• What is needed: The whole listing is to be written out again exactly; the pictures are not.

• Input data:

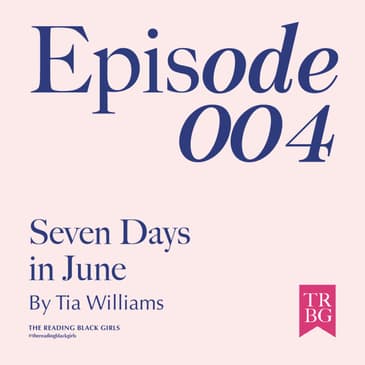 Seven Days in June by Tia Williams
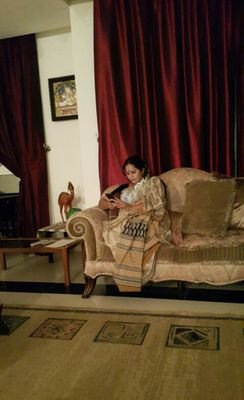 VIDYAANANDARAM1's profile picture. 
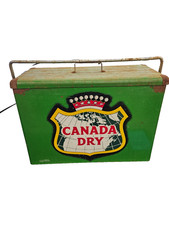 antique soda cooler for sale  Niagara Falls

• Reply:
 Seven Days in June by Tia Williams
 VIDYAANANDARAM1's profile picture. 
 antique soda cooler for sale  Niagara Falls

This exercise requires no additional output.